Re: [PATCH v5 1/7] bits: split the definition of the asm and non-asm GENMASK()
From: Vincent Mailhol
Date: Mon Mar 10 2025 - 06:47:20 EST
On 09/03/2025 at 19:23, David Laight wrote:
> On Sun, 9 Mar 2025 01:58:53 +0000
> David Laight <david.laight.linux@xxxxxxxxx> wrote:
>
>> On Fri, 7 Mar 2025 18:58:08 +0900
>> Vincent Mailhol <mailhol.vincent@xxxxxxxxxx> wrote:
>>
>>> On 07/03/2025 at 04:23, David Laight wrote:
>>>> On Thu, 06 Mar 2025 20:29:52 +0900
>>>> Vincent Mailhol via B4 Relay <devnull+mailhol.vincent.wanadoo.fr@xxxxxxxxxx> wrote:
>>>>
>>>>> From: Vincent Mailhol <mailhol.vincent@xxxxxxxxxx>
>>>>>
>>>>> In an upcoming change, GENMASK() and its friends will indirectly
>>>>> depend on sizeof() which is not available in asm.
>>>>>
>>>>> Instead of adding further complexity to __GENMASK() to make it work
>>>>> for both asm and non asm, just split the definition of the two
>>>>> variants.
>>>> ...
>>>>> +#else /* defined(__ASSEMBLY__) */
>>>>> +
>>>>> +#define GENMASK(h, l) __GENMASK(h, l)

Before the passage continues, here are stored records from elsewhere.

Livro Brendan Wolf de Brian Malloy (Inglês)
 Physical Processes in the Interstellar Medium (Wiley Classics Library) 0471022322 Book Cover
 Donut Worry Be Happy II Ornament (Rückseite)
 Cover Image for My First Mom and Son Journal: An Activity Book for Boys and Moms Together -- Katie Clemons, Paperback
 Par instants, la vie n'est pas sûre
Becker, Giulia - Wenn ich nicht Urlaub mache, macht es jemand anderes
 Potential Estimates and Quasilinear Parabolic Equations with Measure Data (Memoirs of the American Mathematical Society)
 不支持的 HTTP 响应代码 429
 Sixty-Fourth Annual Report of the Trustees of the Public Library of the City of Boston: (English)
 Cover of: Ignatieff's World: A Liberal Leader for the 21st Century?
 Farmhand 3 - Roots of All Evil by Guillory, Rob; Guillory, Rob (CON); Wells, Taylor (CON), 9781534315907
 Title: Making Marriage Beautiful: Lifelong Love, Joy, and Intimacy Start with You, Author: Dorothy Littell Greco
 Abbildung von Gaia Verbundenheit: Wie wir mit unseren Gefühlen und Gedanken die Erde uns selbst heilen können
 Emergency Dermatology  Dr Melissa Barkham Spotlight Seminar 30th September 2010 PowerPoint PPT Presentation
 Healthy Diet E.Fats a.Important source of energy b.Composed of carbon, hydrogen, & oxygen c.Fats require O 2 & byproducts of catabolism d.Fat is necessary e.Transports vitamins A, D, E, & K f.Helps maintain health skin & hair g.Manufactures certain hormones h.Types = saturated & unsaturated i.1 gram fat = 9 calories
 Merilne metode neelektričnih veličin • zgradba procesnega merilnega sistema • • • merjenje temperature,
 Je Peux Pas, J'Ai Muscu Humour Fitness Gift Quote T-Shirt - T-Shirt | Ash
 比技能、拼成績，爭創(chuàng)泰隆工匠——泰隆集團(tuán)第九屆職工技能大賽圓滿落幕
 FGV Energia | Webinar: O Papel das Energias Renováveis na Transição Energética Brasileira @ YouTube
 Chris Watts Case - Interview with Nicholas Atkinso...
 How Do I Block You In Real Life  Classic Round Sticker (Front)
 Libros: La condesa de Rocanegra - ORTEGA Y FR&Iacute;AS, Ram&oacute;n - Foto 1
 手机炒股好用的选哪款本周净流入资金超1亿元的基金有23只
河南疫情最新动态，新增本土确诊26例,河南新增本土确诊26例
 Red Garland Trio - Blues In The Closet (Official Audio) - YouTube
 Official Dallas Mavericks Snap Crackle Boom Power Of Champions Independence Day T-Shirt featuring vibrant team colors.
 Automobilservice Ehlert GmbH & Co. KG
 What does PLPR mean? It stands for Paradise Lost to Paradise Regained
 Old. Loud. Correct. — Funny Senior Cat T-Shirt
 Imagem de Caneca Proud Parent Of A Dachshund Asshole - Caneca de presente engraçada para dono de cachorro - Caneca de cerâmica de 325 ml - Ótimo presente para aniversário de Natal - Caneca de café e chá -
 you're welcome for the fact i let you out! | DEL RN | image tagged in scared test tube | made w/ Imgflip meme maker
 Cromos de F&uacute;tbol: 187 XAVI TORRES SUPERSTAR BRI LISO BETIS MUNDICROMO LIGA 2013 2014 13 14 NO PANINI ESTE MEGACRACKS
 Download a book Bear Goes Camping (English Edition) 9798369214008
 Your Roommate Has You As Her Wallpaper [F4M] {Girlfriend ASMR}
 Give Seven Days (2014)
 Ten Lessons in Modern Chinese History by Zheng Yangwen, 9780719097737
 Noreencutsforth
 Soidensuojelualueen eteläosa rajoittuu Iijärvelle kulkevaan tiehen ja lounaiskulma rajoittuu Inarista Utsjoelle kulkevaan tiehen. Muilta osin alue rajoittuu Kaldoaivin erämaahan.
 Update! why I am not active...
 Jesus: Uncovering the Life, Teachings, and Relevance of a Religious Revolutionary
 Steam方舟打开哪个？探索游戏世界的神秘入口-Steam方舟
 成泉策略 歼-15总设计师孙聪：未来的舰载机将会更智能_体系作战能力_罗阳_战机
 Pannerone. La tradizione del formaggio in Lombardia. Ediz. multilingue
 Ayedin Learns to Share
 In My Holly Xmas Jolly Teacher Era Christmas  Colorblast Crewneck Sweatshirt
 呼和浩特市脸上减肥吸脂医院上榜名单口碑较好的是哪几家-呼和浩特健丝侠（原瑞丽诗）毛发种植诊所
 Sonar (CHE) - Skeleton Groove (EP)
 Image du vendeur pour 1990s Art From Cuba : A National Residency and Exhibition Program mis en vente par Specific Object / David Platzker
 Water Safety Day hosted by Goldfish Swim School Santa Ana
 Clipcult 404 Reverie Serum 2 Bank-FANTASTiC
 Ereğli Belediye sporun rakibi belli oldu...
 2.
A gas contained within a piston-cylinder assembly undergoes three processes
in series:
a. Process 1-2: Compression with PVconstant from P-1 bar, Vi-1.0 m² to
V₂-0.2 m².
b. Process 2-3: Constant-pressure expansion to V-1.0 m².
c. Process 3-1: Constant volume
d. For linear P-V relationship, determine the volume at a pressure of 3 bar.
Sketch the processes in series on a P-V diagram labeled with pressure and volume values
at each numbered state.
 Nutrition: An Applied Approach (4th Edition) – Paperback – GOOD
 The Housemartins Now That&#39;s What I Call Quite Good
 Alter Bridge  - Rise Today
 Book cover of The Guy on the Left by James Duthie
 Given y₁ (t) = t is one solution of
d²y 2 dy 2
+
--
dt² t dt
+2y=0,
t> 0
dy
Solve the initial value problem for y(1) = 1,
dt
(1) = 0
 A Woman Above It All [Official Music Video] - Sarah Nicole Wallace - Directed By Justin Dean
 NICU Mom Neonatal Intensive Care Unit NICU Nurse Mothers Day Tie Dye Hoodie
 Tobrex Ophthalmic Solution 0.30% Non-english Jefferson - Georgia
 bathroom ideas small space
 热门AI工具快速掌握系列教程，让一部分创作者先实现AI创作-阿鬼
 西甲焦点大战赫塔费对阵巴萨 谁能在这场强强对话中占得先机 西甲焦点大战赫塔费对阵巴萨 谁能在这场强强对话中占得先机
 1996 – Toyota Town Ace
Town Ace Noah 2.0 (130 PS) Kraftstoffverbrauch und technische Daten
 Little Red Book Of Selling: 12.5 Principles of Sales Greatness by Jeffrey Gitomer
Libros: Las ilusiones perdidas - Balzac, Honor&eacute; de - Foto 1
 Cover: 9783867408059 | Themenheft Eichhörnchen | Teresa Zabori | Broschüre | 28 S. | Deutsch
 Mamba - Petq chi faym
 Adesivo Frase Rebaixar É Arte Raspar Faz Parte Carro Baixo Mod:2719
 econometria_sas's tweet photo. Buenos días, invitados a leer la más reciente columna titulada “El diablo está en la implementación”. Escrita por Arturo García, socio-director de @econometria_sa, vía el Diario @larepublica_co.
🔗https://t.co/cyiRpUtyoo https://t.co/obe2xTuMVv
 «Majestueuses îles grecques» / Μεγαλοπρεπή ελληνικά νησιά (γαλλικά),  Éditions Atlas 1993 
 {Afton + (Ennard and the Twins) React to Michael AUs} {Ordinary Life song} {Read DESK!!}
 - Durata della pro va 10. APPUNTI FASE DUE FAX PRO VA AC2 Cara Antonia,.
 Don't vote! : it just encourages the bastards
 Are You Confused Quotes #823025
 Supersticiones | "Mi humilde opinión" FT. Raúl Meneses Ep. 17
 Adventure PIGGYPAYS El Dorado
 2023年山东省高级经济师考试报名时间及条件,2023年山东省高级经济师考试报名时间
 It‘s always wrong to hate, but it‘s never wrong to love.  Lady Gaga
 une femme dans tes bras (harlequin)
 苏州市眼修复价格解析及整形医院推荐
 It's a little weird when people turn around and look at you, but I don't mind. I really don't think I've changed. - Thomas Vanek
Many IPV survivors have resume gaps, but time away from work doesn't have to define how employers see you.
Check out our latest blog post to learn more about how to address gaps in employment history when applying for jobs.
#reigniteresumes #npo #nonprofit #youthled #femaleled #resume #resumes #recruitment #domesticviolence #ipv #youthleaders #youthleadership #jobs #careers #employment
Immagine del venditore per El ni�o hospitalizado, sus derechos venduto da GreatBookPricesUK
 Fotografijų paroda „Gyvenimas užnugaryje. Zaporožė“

>>>>> +#define GENMASK_ULL(h, l) __GENMASK_ULL(h, l)
>>>>
>>>> What do those actually expand to now?
>>>> As I've said a few times both UL(0) and ULL(0) are just (0) for __ASSEMBLY__
>>>> so the expansions of __GENMASK() and __GENMASK_ULL() contained the
>>>> same numeric constants.
>>>
>>> Indeed, in asm, the UL(0) and ULL(0) expands to the same thing: 0.
>>>
>>> But the two macros still expand to something different on 32 bits
>>> architectures:
>>>
>>> * __GENMASK:
>>>
>>> (((~(0)) << (l)) & (~(0) >> (32 - 1 - (h))))
>>>
>>> * __GENMASK_ULL:
>>>
>>> (((~(0)) << (l)) & (~(0) >> (64 - 1 - (h))))
>>>
>>> On 64 bits architecture these are the same.
>>
>> I've just fed those into godbolt (https://www.godbolt.org/z/Ter6WE9qE) as:
>> int fi(void)
>> {
>> int v;
>> asm("mov $(((~(0)) << (8)) & (~(0) >> (32 - 1 - (15)))),%0": "=r" (v));
>> return v -(((~(0u)) << (8)) & (~(0u) >> (32 - 1 - (15))));
>> }
>>
>> gas warns:
>> <source>:4: Warning: 0xffffffffff00 shortened to 0xffffff00
>>
>> unsigned long long fll(void)
>> {
>> unsigned long long v;
>> asm("mov $(((~(0)) << (8)) & (~(0) >> (64 - 1 - (15)))),%0": "=r" (v));
>> return v -(((~(0ull)) << (8)) & (~(0ull) >> (64 - 1 - (15))));
>> }
>>
>> (for other architectures you'll need to change the opcode)
>>
>> For x86 and x86-32 the assembler seems to be doing 64bit maths with unsigned
>> right shifts - so the second function (with the 64 in it) generates 0xff00.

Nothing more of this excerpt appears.